Question

If the third and the eighth terms of an AP are 9 and -6 respectively, which term of this AP is zero?

• A. $6^{th}$ term
• B. $5^{th}$ term
• C. $2^{nd}$ term
• D. $4^{th}$ term

Answer 1

The correct option is A $6^{th}$ term

It is given that $3^{rd}$ and $8^{th}$ term of AP are 9 and -6 respectively.

$\Rightarrow a_3=4\text{and}{a}_8=-6$.
Where, $a_3\text{and}{a}_8$ are third and eighth terms respectively.

Using formula $a_n=a+(n-1)d$ to find $n^{th}$ term of arithmetic progression, we get

$9=a+(3-1)d$
$\Rightarrow 9=a+2d$ ..................(1)

and, $-6=a+(8-1)d$
$\Rightarrow -6=a+7d$..................(2)

These are equations in two variables.

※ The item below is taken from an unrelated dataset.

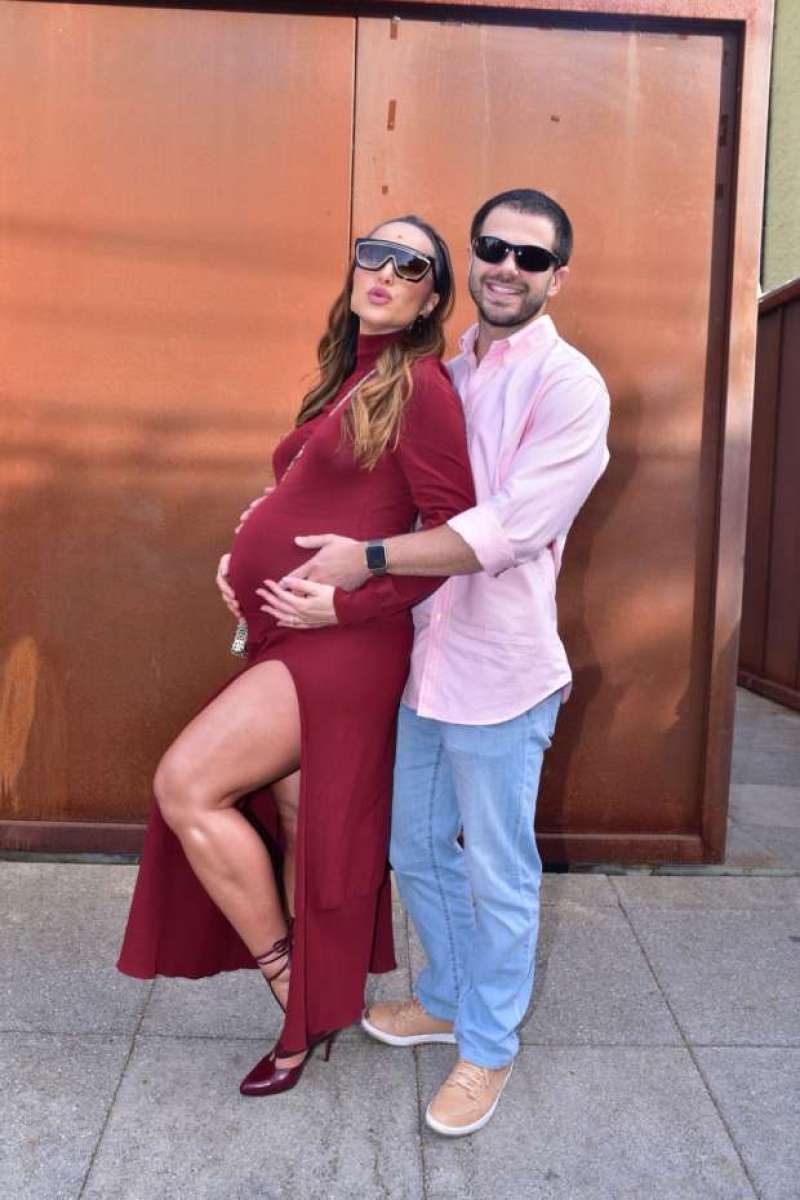 Karina Bacchi foi acompaanhada do filho, Enrico, e do noivo, Amaury Nunes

Let’s solve them using the method of substitution.
Using equation $9=a+2d$ we can say that $a=9-2d$

Putting value of '$a$' in (2), we get
$-6=9-2d+7d$
$\Rightarrow -15=5d$
$\Rightarrow d=-\frac{15}{5}=-3$

Substituting '$d$' in (2), we get
$-6=a+7(-3)$
$\Rightarrow$$-6=a-21$
$\Rightarrow$$a=15$

Therefore, first term $a=15$ and Common Difference $d=-6$

We want to know which term is equal to zero.
Using formula $a_n=a+(n-1)d$ to find $n^{th}$ term of arithmetic progression, we get
$0=15+(n-1)(-3)$
$\Rightarrow 0=15-3n+3$
$\Rightarrow 0=18-3n$
$\Rightarrow 3n=18$
$\Rightarrow n=\frac{18}{3}=6$

Therefore, $6^{th}$ term of the AP is equal to 0.